Equity PM at Capital Group weighs in on drawing false parallels, the ‘value vs. growth’ debate, and dividends’ continued value
The past pandemic year has been painful and devastating for many investors. But for some, it’s also been an opportunity to take stock and re-learn some valuable investment lessons.
In a recently published commentary, equity portfolio manager Steve Watson recounted how, including the COVID-19 pandemic, he has gone through 21 market traumas over the course of his investing career.
“My list suggests we get [a market disruption] every 18 months or so,” Watson said, citing episodes including the fall of the Soviet Union, the 2000s’ dot-com burst, and the global financial crisis. “No one could have predicted the pandemic but, in hindsight, it would have been wise to consider the chance that something would come along and disrupt the incredible bull market of the previous decade.”
While history can be a useful guide, Watson cautioned against drawing false parallels between the present and the past.
Because of his experience in Hong Kong during the worst of the 2003 SARS epidemic, he said he made oversimplistic comparisons between that health crisis and the current one. Many investors who made the same mistake, he added, have been caught off-guard by the extent and duration of the COVID pandemic.
“I was also similarly surprised by the swiftness and power of the U.S. governmental response — both fiscal and monetary — to the COVID crisis,” Watson said, noting how it arguably helped cushion the blow to his pro-cyclical positions in the early months of 2020.
While he hesitates to use the terms “value” and “growth,” he admitted to having a strong inclination towards value, but remains “a strong believer” in tech-sector resilience. He argued that finding the right entry point is key, noting that many of his tech-related holdings are long-term investments he bought long before the market saw their potential.
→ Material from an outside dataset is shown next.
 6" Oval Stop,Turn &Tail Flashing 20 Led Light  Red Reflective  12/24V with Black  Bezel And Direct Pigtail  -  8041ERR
“I like to purchase shares when they are down and out, but I also like to hang on long enough to let the market catch up with what I think is the true value of the company in question,” he said, adding that his limited selection of tech names proved valuable during the worst days of 2020. “As these stocks rallied amid the pandemic, I gradually trimmed some of them to make room for more unloved areas of the market, including energy, financials and travel.”
Dividends saw a jolt during the early months of the pandemic; questions were raised about the practice of rewarding shareholders with cash when that could be used for other aspects of companies’ businesses like employee pay, for example. But Watson asserted that dividends are a key mechanism for companies to transfer value to investors, and that’s become more important than ever.
He also sees dividends as a stabilizing factor during times of market turbulence, though he acknowledged that property has grown weaker and appeared to vanish altogether at times in 2020. Still, he stopped short of saying yield is useless.
“Our current unprecedented monetary conditions, coupled with the market’s devotion to fast-growing, society-changing companies, have tossed aside lots of historical norms,” he said.
Finally, he maintained that his outlook today is the much the same as it was in the first quarter of 2020. He is fully invested with expectations that global markets will be higher in a year, with a tilt toward companies he believes will benefit from a reacceleration in global growth. Supporting that view is copper prices, which bottomed in late March and are now suggesting a mounting recovery in the global economy.
“I am also finding more attractive opportunities outside the U.S.,” Watson said. “In my view, the rest of the world, particularly emerging markets, are currently far more attractive from a valuation perspective than the U.S., and my portfolios generally reflect that view.”